Secondly, thanks to NVidia for creating this terrific platform. We bellyache about the Spark on this forum regularly, and certainly, it’s not perfect, but there’s no arguing that it’s facilitated a massive amount of personal and professional growth for me and has been worth every penny. I’d love a second one, but maybe I’ll wait for a Vera-generation hardware refresh.

PrismaQuant V2 is here, and it leverages a new algorithm I’m calling PrismaScout.

It’s already in github and I’m making models with it. Mathematically, it makes the original PrismaQuant look primitive – but I’m not sure that makes it better – yet. I can’t wait for you to try it and see. It upgrades how we determine sensitivity by tweaking weights and tracing those impacts all the way through the model, then doing some very cool optimization to figure out where quantization destroys the least value. I’ve leaned on some of the best and latest literature in the field – much of it preprint – and added some new mechanisms of my own. This was both a harrowing theoretical work, as well as an engineering challenge getting it to be fast enough to be workable on a single spark.

I’ve created a version of Qwen3.6-27B that is about 11% smaller and performs about 3-5% better. It’s at 5.3 bits, on average. This model is the best balance, mathematically, of performance and accuracy where the tradeoff is equally weighted between them (“the kneedle point” on the pareto curve"). It’s shipping here: rdtand/Qwen3.6-27B-PrismaSCOUT-Blackwell-NVFP4-BF16-vllm · Hugging Face

A paper describing the new techniques we used, as well as our citations of existing ones is forthcoming.

Excited to hear your feedback. Benchmarks (GSM8K, etc) are still running. I also hope to ship a non-blackwell specific version soon (MXFP4/MXFP8/BF16) this artifact is NVFP4/BF16 only (the optimizer elected against any MXFP8 legs).
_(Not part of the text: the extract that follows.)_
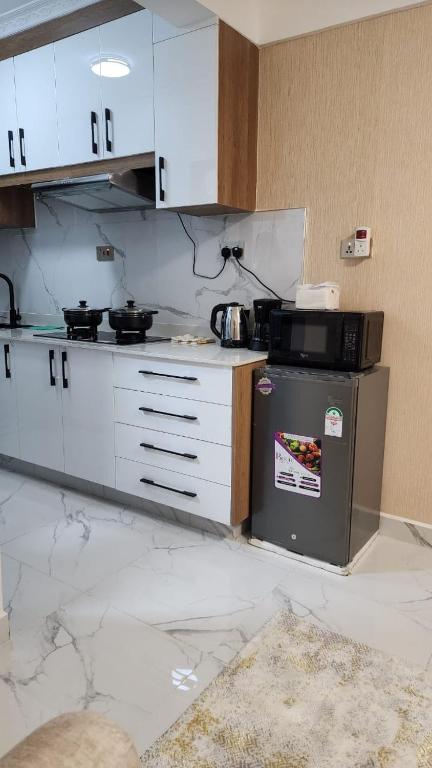 Kuchyň nebo kuchyňský kout v ubytování Cozy Studio in Kilimani near Yaya Center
Thank you for your continued support and feedback. Please let me know if you have any requests!

Rob

Some preliminary benches:

Eval metric Prior 5.5 bpp PrismaSCOUT 5.31 bpp Delta
GSM8K strict exact match 96.74% 96.66% -0.08 pp
GSM8K flexible exact match 96.66% 96.59% -0.08 pp
IFEval prompt strict 84.66% 85.40% +0.74 pp
IFEval prompt loose 87.80% 88.72% +0.92 pp
IFEval instruction strict 89.81% 89.93% +0.12 pp
IFEval instruction loose 92.09% 92.45% +0.36 pp

We’re essentially tied with the 5.5 bit, even though we shaved 2GB+ from the model.
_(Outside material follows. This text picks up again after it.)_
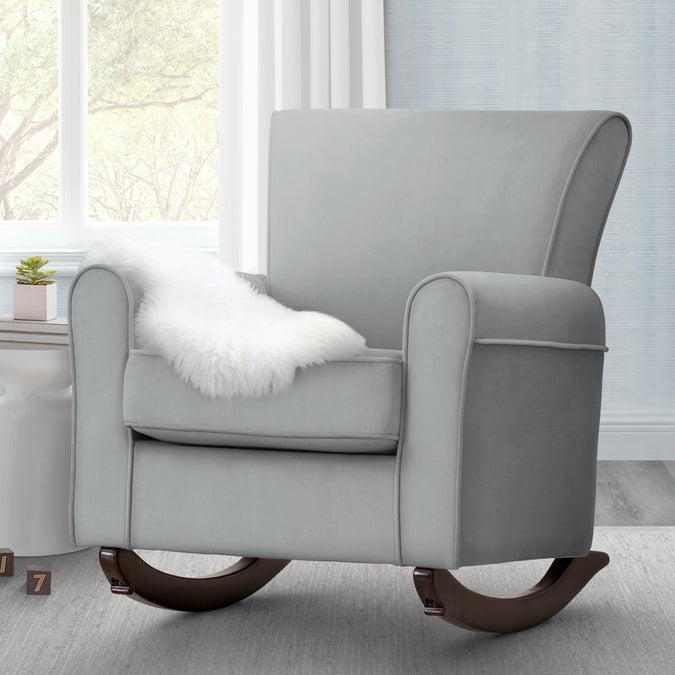 Gray rocking chair with a white pillow in a room with large windows. 19-Lancaster Rocking Chair featuring LiveSmart Fabric by Culp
How much does this improve speed? I haven’t tried anything below fp8 yet.

Testing this right now with DFlash and will run Tool Evals :) Thanks for this!

I haven’t yet found a 27B version that worked out well for me and I keep defaulting back for 3.6-35b or 3.5-122b. Maybe this is the one :)

It’s working great for some general tasks, but I have it infinite looping right now on some trivial code. It knows it’s going in circles but it just can’t break out.

That’s Qwen for you LOL.

Do i have to run the pipeline on the DGX spark, or is that a process that i could do on another machine, and then copy over the results once done? (I’m new to quantization)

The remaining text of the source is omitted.